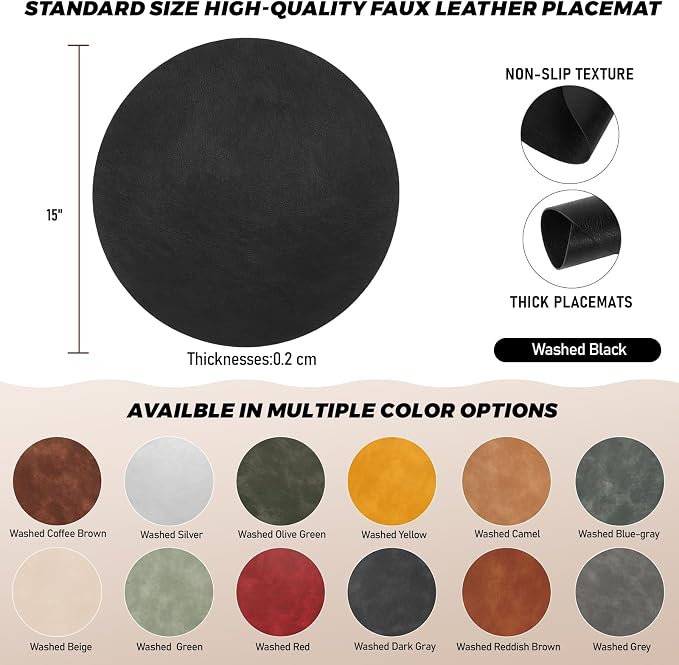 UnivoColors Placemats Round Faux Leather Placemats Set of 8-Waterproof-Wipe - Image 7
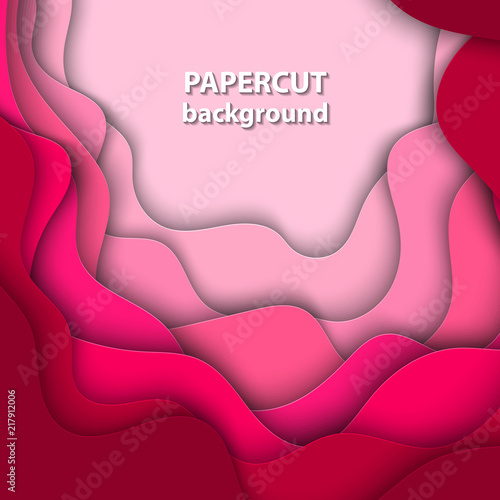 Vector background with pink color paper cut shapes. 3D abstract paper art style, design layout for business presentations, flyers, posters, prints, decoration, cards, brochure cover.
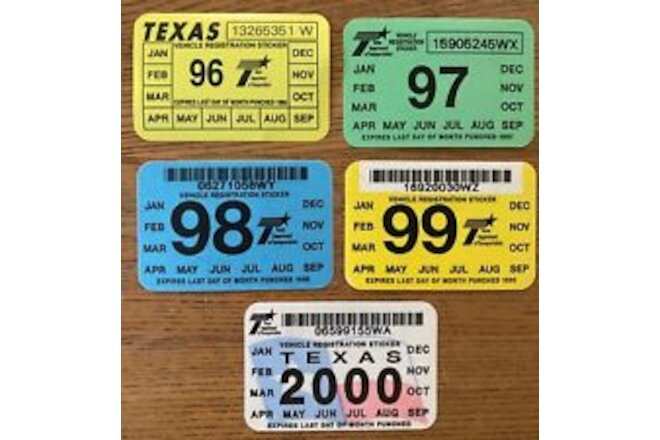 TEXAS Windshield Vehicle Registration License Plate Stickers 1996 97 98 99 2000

* * *

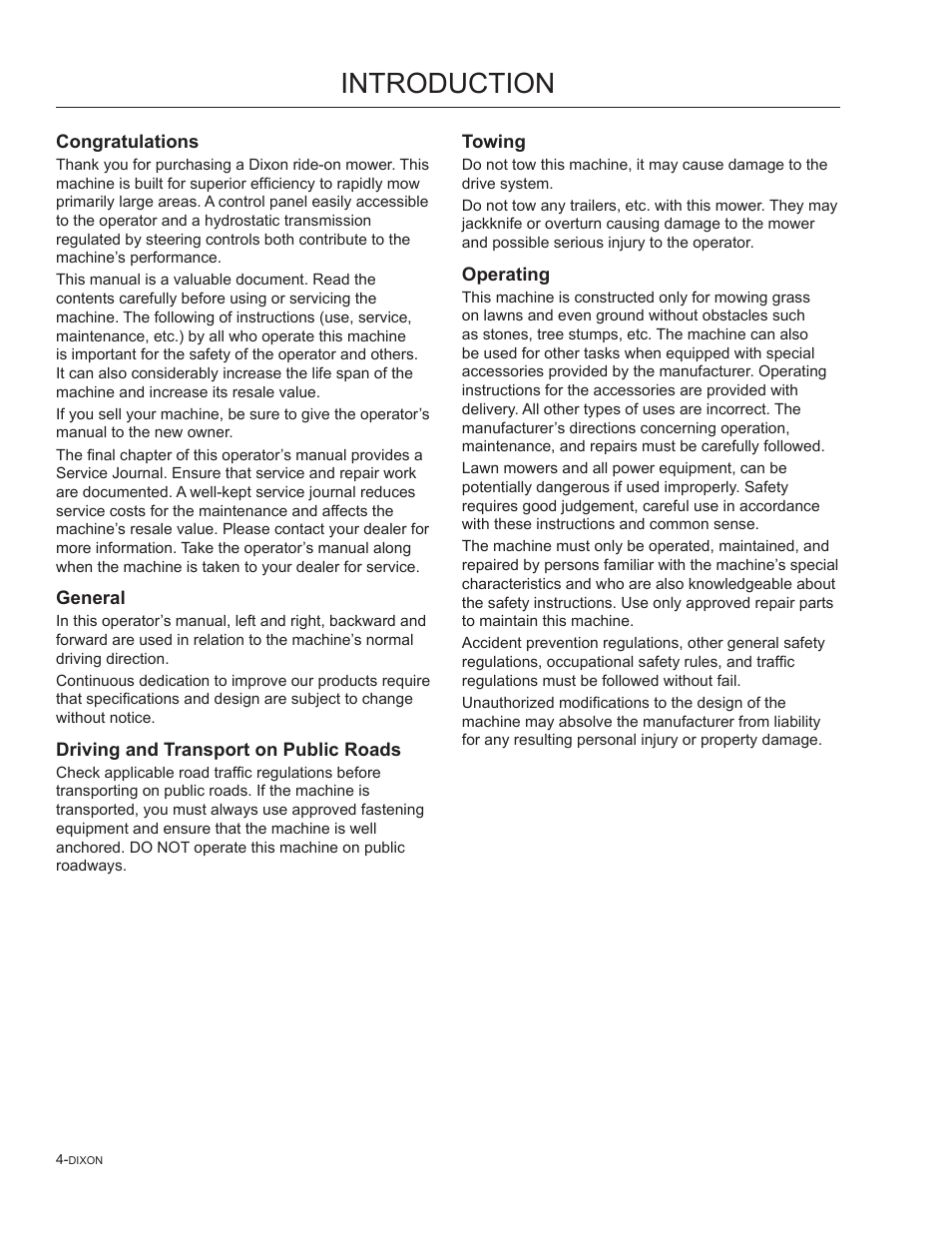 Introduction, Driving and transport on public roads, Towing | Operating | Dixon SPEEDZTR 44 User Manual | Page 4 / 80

...

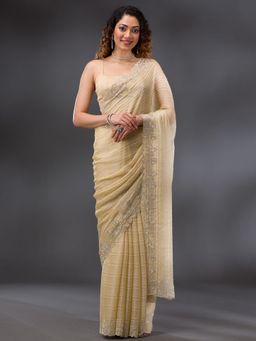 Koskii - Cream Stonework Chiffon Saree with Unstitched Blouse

[ASSIGNED TASK] A clean copy is needed of the lines above from the one with "UnivoColors Placemats Round" up to and including the one with "Vector background with". Please set it down exactly, with no pictures.

[RESPONSE BELOW]
 UnivoColors Placemats Round Faux Leather Placemats Set of 8-Waterproof-Wipe - Image 7
 Vector background with pink color paper cut shapes. 3D abstract paper art style, design layout for business presentations, flyers, posters, prints, decoration, cards, brochure cover.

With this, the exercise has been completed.